Subject: Re: MSI 6501 Dual AMD Athlon MP & 1.6 i386 MP kernel
To: None <tech-smp@NetBSD.ORG>
From: MLH <MLH@goathill.org>
List: tech-smp
Date: 09/18/2002 18:53:12
On 18 Sep 2002 09:10:00 -0500, Frank van der Linden wrote:
> On Wed, Sep 18, 2002 at 12:26:56AM +0000, MLH wrote:
>> 2) running cpuburn (burnK7), cpu1 will lock up every time. Sometimes
>> it takes 2 minutes and sometimes it takes 20.  I'm running a single
>> processor kernel right now to see if I can get cpu0 to lock up. I
>> assume that cpu0 is used by the SP kernel - the lm sensor indicates
>> that it is the same one.
> 
> How would you define 'cpu1 locks up', i.e. how have you verified that
> this is indeed the case? Is it something like 'if two processes
> are started, the 2nd one should run on cpu1 but it never does'?

All process running on cpu1 cease running. No more processes can
be scheduled on it. None of the processes running on it can be
killed with 'kill -9'. All activity associated with that cpu is
dead. If XFree86 was running on it, it is dead. No mouse activity,
no keyboard, no console switch to allow another login. If cpu0 is
running, I can ssh in and look around. I can find no corefile or
any other evidence that cpu1 left that makes me think that it did
anything other than simply stop running, or 'freeze'.  Top shows
that there is no cpu time being spent on any process assigned to
cpu1 and envstat shows the cpu going back to idle temperature.

> Unfortunately it is hard to tell what the problem is here without
> any debugger output. This problem is also not known to me, and
> I can't reproduce it myself (on my dual Athlon Tyan board, used
> for my desktop).

Ok. Can you give me some suggestions? The cpu that dies simply
stops running. There is no coredump, nothing drops into the debugger.
It simply stops - period.  If cpu1 stops, cpu0 is still avaliable,
but I don't know how to interrogate the status of cpu1 with the
debugger, from cpu0. std commands to evaluate process running on
that cpu either simply return, or hang.  For example, say lpd was
running on cpu1 and it stops. I do $ lpc status and all I get back
is a newline.

If cpu0 stops, the entire machine stops. It doesn't respond to
anything. No ping, no keyboard, no nothing. It's dead. It acts
precisely like a heat-related cpu (temporary) failure that I have
seen many times on Athlons that are under-cooled.

However, I don't think this really is heat-related :

If I boot a sp kernel, the box is a solid as can be. Nothing I do
(with software) can make it fail.  I just ran burnK7 on cpu0 (sp
mode) all night long last night and nothing happened.
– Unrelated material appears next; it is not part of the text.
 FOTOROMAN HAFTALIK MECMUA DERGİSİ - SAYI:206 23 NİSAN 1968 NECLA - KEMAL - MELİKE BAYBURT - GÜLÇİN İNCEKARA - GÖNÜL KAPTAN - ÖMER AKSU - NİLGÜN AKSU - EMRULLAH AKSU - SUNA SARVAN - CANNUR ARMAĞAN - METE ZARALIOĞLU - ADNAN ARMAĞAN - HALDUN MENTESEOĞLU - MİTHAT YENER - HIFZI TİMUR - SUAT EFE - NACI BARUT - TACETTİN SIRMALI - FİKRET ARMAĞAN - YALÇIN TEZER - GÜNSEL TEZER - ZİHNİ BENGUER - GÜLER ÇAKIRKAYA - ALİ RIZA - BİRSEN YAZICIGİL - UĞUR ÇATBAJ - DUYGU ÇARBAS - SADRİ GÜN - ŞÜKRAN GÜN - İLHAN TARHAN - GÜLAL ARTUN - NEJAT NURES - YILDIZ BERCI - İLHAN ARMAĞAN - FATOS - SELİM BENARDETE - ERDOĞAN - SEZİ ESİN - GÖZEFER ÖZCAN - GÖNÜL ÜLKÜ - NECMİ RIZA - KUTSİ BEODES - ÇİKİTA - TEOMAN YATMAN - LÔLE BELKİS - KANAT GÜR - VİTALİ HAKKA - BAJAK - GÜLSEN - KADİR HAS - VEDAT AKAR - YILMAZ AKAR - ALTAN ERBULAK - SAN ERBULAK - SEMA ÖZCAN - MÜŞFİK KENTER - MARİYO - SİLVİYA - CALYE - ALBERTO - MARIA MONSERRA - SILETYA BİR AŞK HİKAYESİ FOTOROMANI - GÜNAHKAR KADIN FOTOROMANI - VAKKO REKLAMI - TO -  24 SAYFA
If running an mp kernel, burnK7 will 'freeze' cpu1 every time,
often in a matter of a few minutes, or if XFree86 is running, simply
leaving the xdm login on overnight almost always results in a
'frozen' cpu1 or cpu0 (I assume cpu0 is frozen, because the box is
essentially dead).

> For the X problem, you could try to set some more conservative
> AGP settings in the BIOS, but I'm grasping at straws there.

Already tried everything there. I'm going to try another gfx card
in it, but how does that address the issue where the only terminal
activity is via ssh and cpuburn still manages to lock up the cpu
under conditions which I'm pretty sure are not temperature related?
(I ordered an infrared thermometer Monday to possibly give me one
more point of reference on this, but earlier we looked at this and
didn't see a problem)

> If you think cpu1 may be dodgy, try to rule out hardware failure
> by replacing it with another one. Or exchange the CPUs on one
> board.

We have 6 identical boxes here. Every one that we have installed
NetBSD on has the same exact problem. I'm beginning to believe that
this is not a hardware problem (also, Solaris86 mp runs great on
these boxes with no problems whatsoever).

Might this be an interrupt-related problem with the mp kernel?
Maybe the gfx card isn't properly supported, providing the answer
to X, and maybe cpu1 is just missing interrupts?

What happens with your mp kernel when you run burnK7 on it (either
on cpu1 or both cpus)?

Thanks